Globalization as well as an increased focus on cutting costs at both Fortune 500 companies and SMEs have spurred significant interest in Customs procedures to fight counterfeiting.

Often it is less important to stop the source, since it can usually resume production easily from another remote location, than to stop the fake goods from reaching consumers. Even if this means targeting 'the end of the line', the market is protected.

Within the European Union, customs proceedings are a common recourse for companies looking to guard against counterfeits.

The yearly reports from the European Commission on "EU Customs enforcement of intellectual property rights" show intense activity with over 70,000 procedures and 41,000 articles involved in 2016.
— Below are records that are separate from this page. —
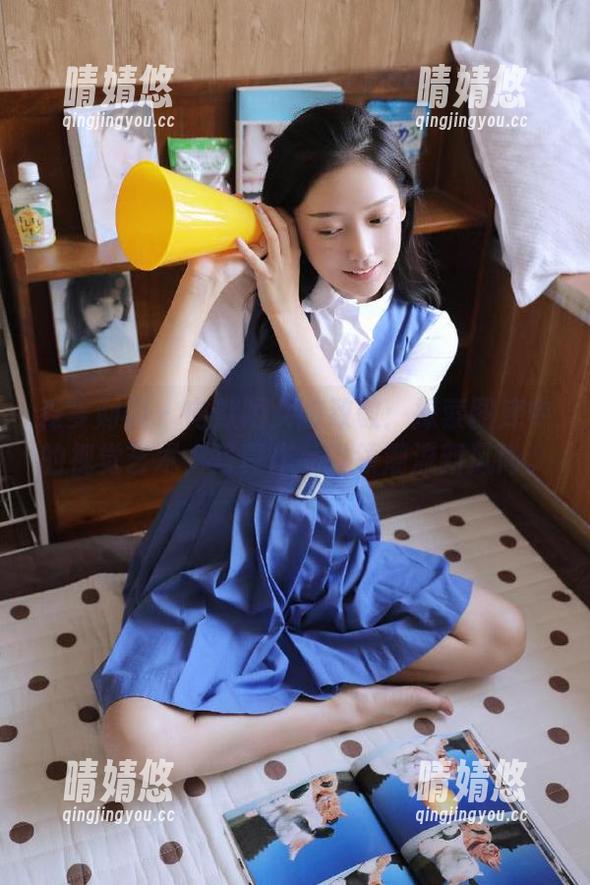 森萝财团 - 向默陌女孩致敬：探索图库中的视觉艺术，写真作品引领潮流新风尚。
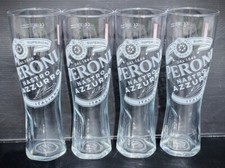 Peroni nastro azzurro pint - azzurro,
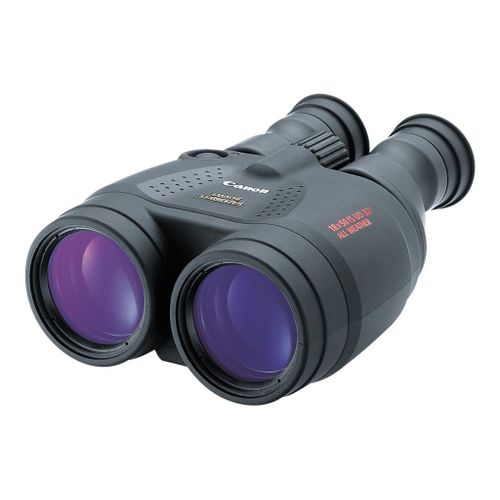 Jumelles Canon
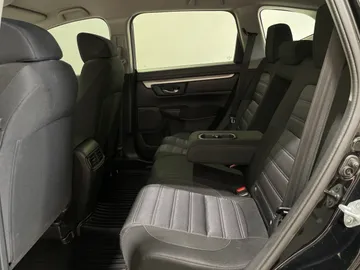 2022 Honda CR-V - image 15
In the European Union, based on the EU Regulation No. 608/2013 of the European Parliament of the Council of 12 June 2013 concerning customs enforcement of intellectual property rights, right holders and licensees who are exclusive licensees in at least two member states and who have been officially authorised by the right-holder can submit applications to the Custom Authorities asking them to monitor the goods crossing the border for potential infringements, and hold them in custody if they find any allegedly infringing goods for the entire European Union. The declarant or holder of the goods is to be immediately informed as well as the right holder. Following the notice, the decision holder has 10 days to inform the customs that he or she engaged in legal proceedings, otherwise Customs would have to release the goods. The regulation does not deal with 'small packages' (fewer than two kilograms), and it is to be applied at the external borders of the EU, not at borders in between member states. Custom authorities can also proceed spontaneously. French Customs can also act within the French territory for goods that have already entered in the EU territory. Very clearly the intend of this legislation is to prevent massive international massive infringement.

Currently, right holders can benefit from the latest statutory and case law to enforce their rights in customs proceedings.
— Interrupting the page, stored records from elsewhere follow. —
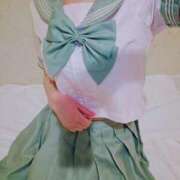 ヒメ日記 2025/04/13 10:51 投稿 いちは 21世紀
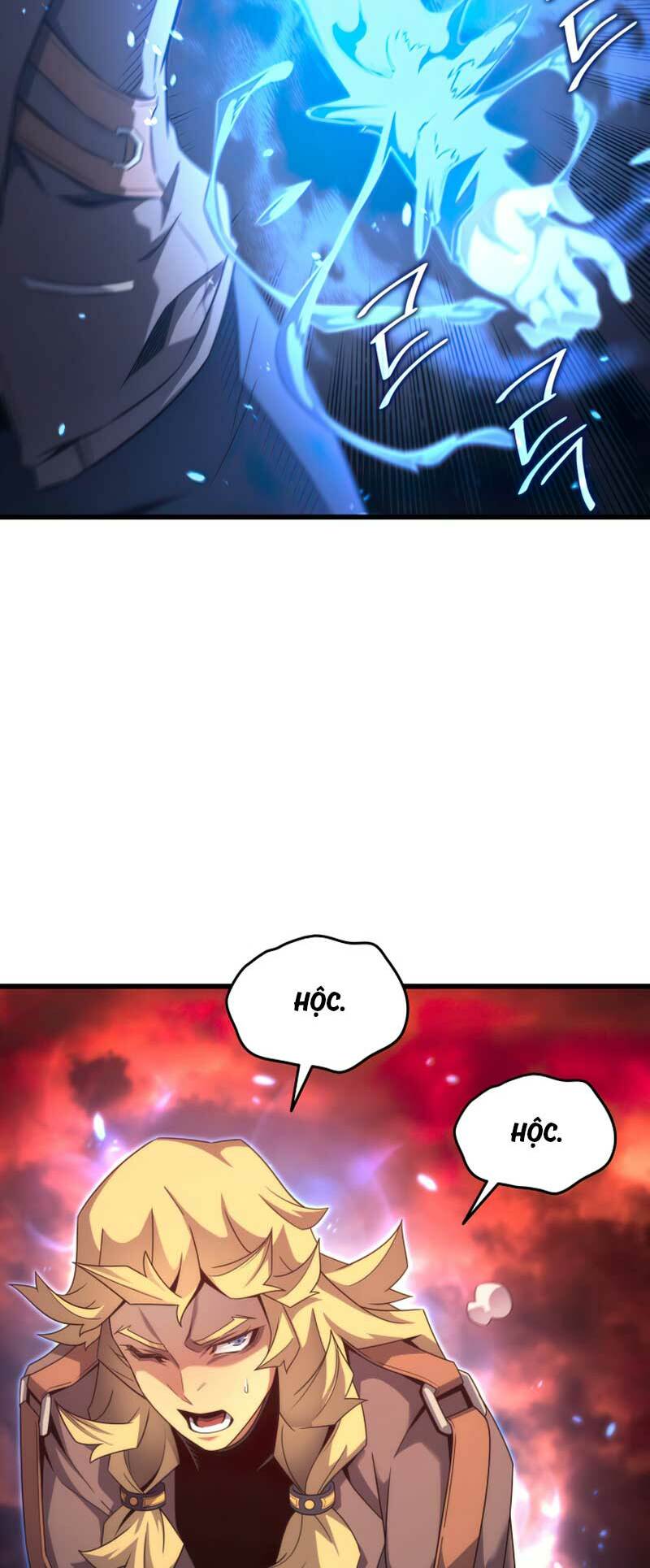 Sự Trở Lại Của Pháp Sư Vĩ Đại Sau 4000 Năm - Chapter 187 - Page 8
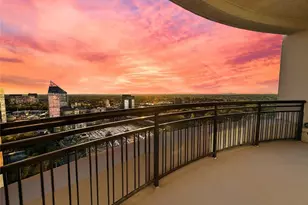 3445 Stratford Rd NE, Atlanta, GA 30326 - Photo 36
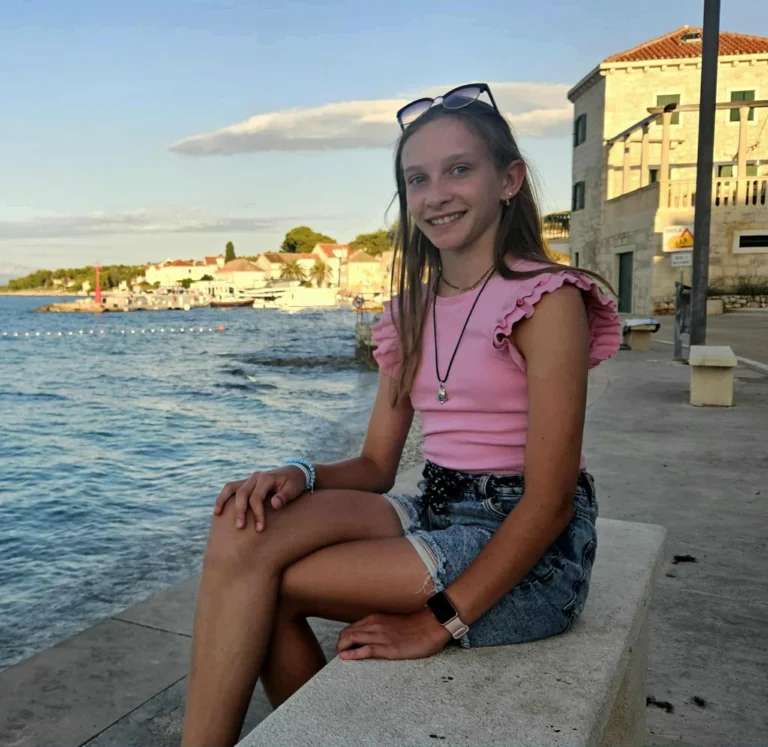 4136916b f508 465d 86a5 97a4f8d8cd63 kopia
Since the "trademark package" which involves the European Union Trade Mark Regulation (EU) 2015/2424 and the Trade Mark Directive (EU) 2015/2436 goods in transit in the EU will be able to be stopped if they may infringe on rights in the country of final destination.

The latest case law in France, probably based on public policy considerations, also shows a simplification of the procedure for right holders.

Thus, last March 7, 2018, the Commercial Section of the French Supreme Court (case n°16-24851) quashed a ruling from the Appellate Court that had ordered the release of allegedly infringing goods based on the fact that Custom Authorities had considered the goods to be infringing based only on the right-holders declarations. The Commercial Section of the French Supreme Court stated that according to the law, customs offenses could by proven by any means, and that the Appellate Court, which acknowledged that the customs agents had recorded the declarations of the right holders confirming the infringement, had violated the law. Furthermore, the Supreme Court ordered the publication of this ruling on its Bulletin, indicating it is the correct legal interpretation that must be followed by all lower courts. From a practical point of view, this is a very significant ruling, since it facilitates the proceedings for right holders. In many cases, establishing the infringement can be very burdensome and can lead to extended expert proceedings.

A couple of days later, the Criminal Section of the French Supreme Court on March 20, 2018 (case n°16-84564) quashed a ruling from the Appellate Court that had dismissed a design infringement complaint following customs proceedings, considering that the design right holder had to show a definite date of putting into the market of the original design, while the right-holder had filed evidence regarding the sales of the original design. The Supreme Court also ordered the publication of this ruling on its bulletin. Apparently, Courts should be very cautious before dismissing too quickly the right-holder's evidence.

In another matter regarding design infringement, last April 4, 2018, the Criminal Section of the French Supreme Court (case n°16-87414) dismissed an appeal filed by defendants who were arguing the reproduction of certain features of the original designs. The Supreme Court held that the lower courts were free to appreciate the overall visual impression of both the original and the infringing products. The Supreme Court also pointed out that the lower court was right to consider that the intentional element of the criminal law offence was established by the fact that the defendant was a professional in the field.